## Core Insight
Blameless postmortems focus on systemic causes, not individual blame. The fundamental principle: you can't fix people, but you can fix systems and processes to better support people making the right choices. If a culture of finger-pointing prevails, people won't surface issues for fear of punishment — leading to greater organizational risk.
## What a Postmortem Contains
Written record of: incident description, impact, actions taken to mitigate/resolve, root cause(s), and follow-up actions to prevent recurrence.
## When to Write One
Define triggers before incidents occur:
- User-visible downtime/degradation beyond threshold
- Data loss of any kind
- On-call intervention (rollback, rerouting)
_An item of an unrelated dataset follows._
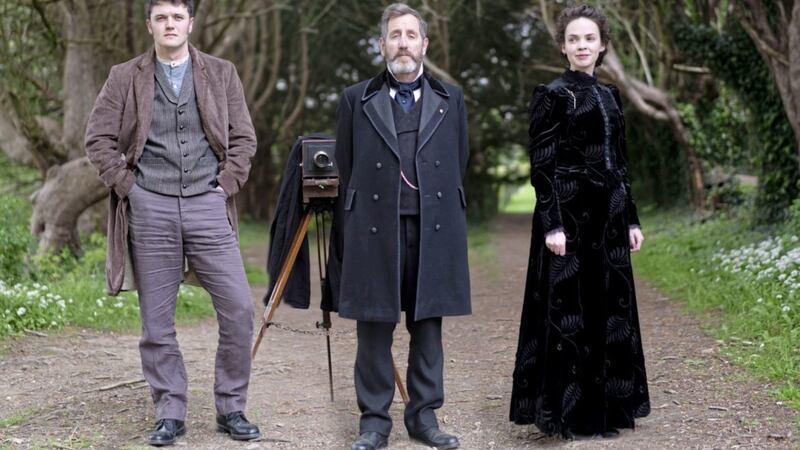 Michael Smiley, centre, in the lead role of Brock Blennerhasset in new RT&Eacute; period thriller Dead Still, with co-stars Bangor-born Kerr Logan and Castlewellan actor Eileen O&#39;Higgins. Picture by Bernard Walsh 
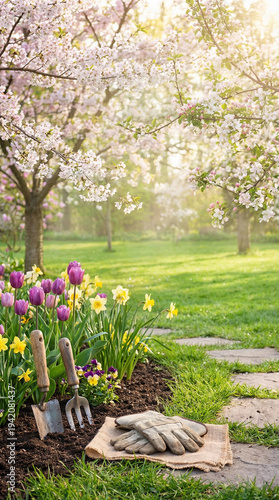 Beautiful spring garden with blooming flowers and gardening tools.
- Resolution time above threshold
- Monitoring failure (manual discovery)
- Any stakeholder request
## The Blameless Principle
- Assumes everyone had good intentions and did their best with available information
- Originated in healthcare and avionics where mistakes are fatal
- Shifts from "who did wrong" to "why did this person have incomplete/incorrect information"
- Writing a postmortem is not punishment — it's a learning opportunity
## Cultivating the Culture
- **Postmortem of the month** newsletter
- **Reading clubs** — review old postmortems with open dialogue
- **Wheel of Misfortune** — role-play reenactments of past incidents
- **Visible rewards** — peer bonuses, public recognition from leadership
- **No postmortem left unreviewed** — regular review sessions to close out discussions
- Survey teams on effectiveness; iterate on the process itself
## Review Criteria
- Incident data collected for posterity?
- Impact assessments complete?
- Root cause sufficiently deep?
- Action plan appropriate with proper priority?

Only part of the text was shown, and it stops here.